PP3.19 Synthesis of Cu-In-S Fluorescent Nanocrystals. Kousuke Watanabe 1, Masato Uehara 2, Hiroyuki Nakamura 2 and Hideaki Maeda 1,2,3 ; 1 Department of Molecular and Material Sciences, Interdisciplinary Graduate School of Engineering Sciences, Kyushu University, Kasuga, Fukuoka Pref., Japan; 2 National Institute of Advanced Industrial Science and Technology (AIST), Tosu, Saga, Japan; 3 JST, CREST, 4-1-8 Hon-chou, Kawaguchi, Saitama, Japan.

TECHNICAL TALKS

Symposium B: Nanoscale Phenomena in Functional Materials by Scanning Probe Microscopy
Tracing Forces Between Individual Atoms by Atomic Force Microscopy
The first paper describing the development of an atomic force microscope, published in 1986 by Quate, Binnig and Gerber, is one of the most cited papers currently. Franz J. Giessibl of the University of Regensburg, Regensburg, Germany, started with this and then described the tracing of forces between individual atoms by atomic force microscopy (AFM) in his talk in symposium B. He described how frequency modulation results in a small amplitude of the AFM tip yielding subatomic resolution and the use of quartz to develop a stiff cantilever. The qPlus sensor is an implementation of a self-sensing cantilever based on a quartz tuning fork and can be used at room and low temperatures. The tip is clearly very important for AFM. In order to use force to move an adsorbed atom on the surface, it turns out that the lateral force is the most important parameter, unlike on the macroscale. Tip preparation is a major challenge in AFM, more so than in the scanning tunneling microscope (STM). Giessibl described in situ tip preparation by inducing cleaving of the tip material.

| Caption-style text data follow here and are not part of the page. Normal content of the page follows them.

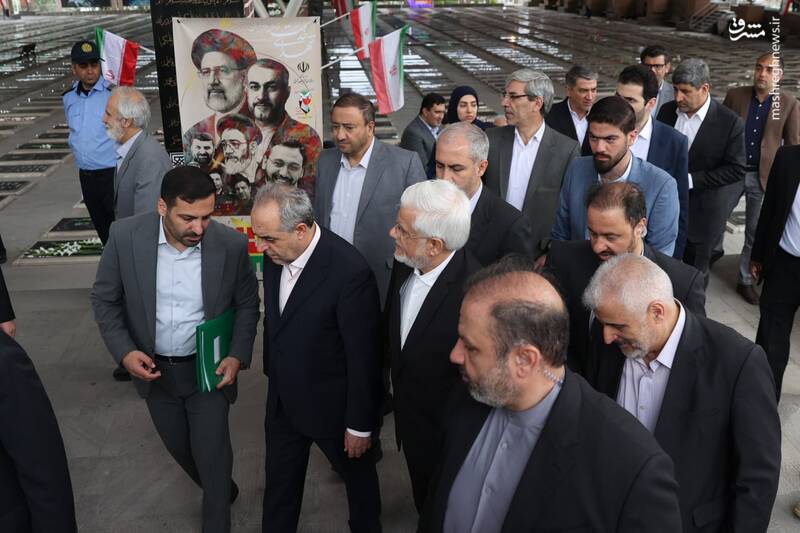 عکس/ حضور عارف در گلزار شهدای وادی رحمت تبریز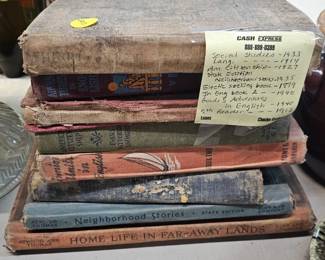 VINTAGE BOOKS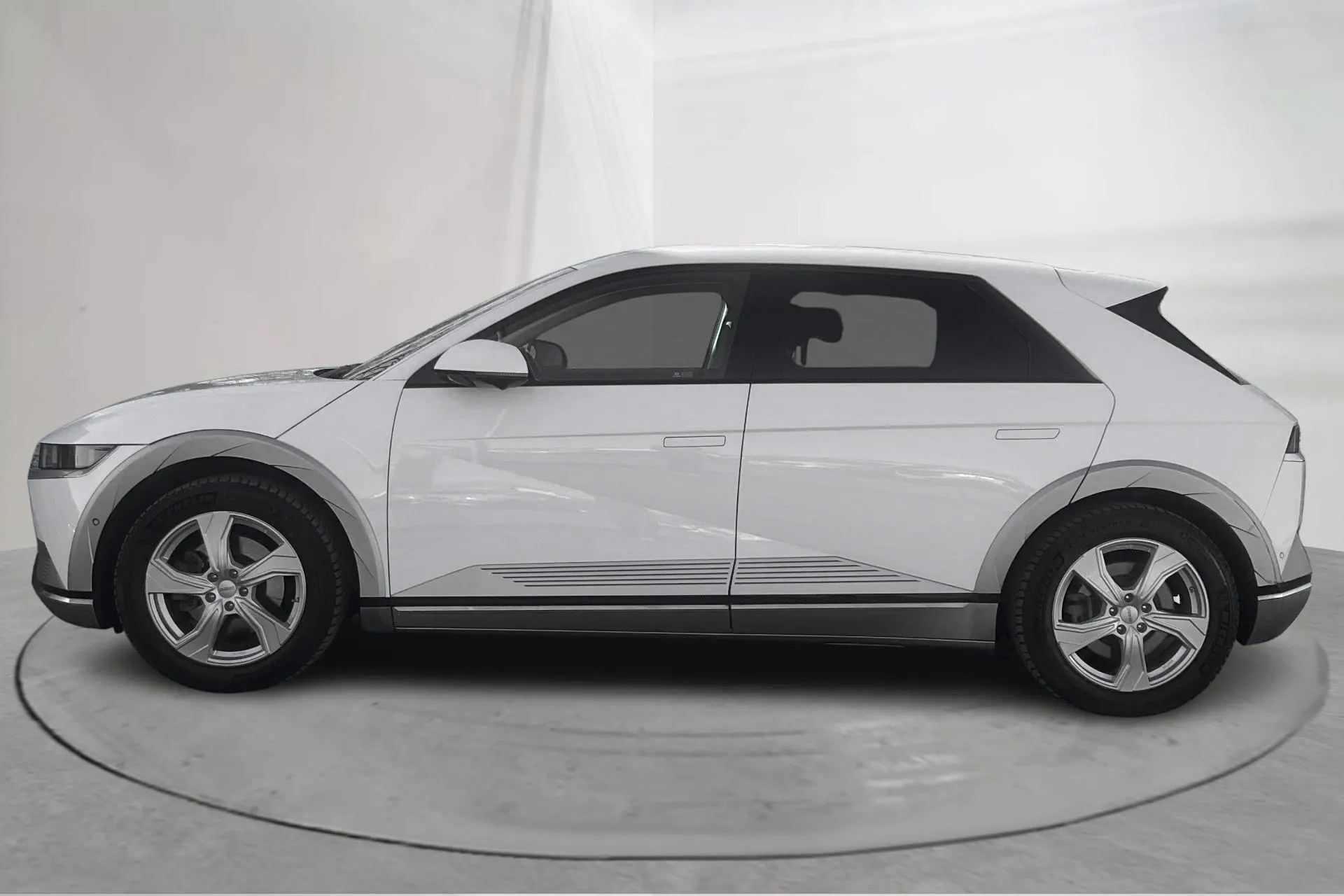 Presentationsfoto 2 av 16: Hyundai IONIQ 5 77kWh RWD (228hk) - 3 981 mil - Automat - vit - 2024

Molecular Manipulation and Energy Transfer by STM
For molecules adsorbed on substrates such as metals or semiconductors, vibrational excitation is possible using the STM allowing for single molecule vibrational spectroscopy. Inelastic electron tunneling is used allowing for manipulation of the molecules. The vibrational spectrum of a single molecule provides useful information not only for the chemical identification of the molecule but also for investigating how molecular vibration can couple with the relevant dynamical processes. Kawai described the example of an isolated acetylene molecule on a surface as well as electrode bridging two atoms. Action spectroscopy is the method to clarify vibrational modes of single molecules at surfaces, which can in turn be used to identify unknown species on surfaces. She described the process of molecular hopping. When the tip is at the center of the molecule, the hopping direction is random. If the tip is off center, depending on whether this is repulsive or attractive, the hopping direction can be controlled.

Symposium T: Materials Innovations for Next-Generation Nuclear Energy
Introduction
Symposium T will focus on the development of materials for extreme radiation and high temperature environments. Clearly, the materials science challenges associated with development of fusion and Gen IV fission reactors are daunting, but given recent advances in materials science and the computational tools now available, it is realistic to anticipate that new materials can be developed to perform reliably and safely in these extreme environments. After all, many materials used in current reactor systems were developed before the advent of materials science!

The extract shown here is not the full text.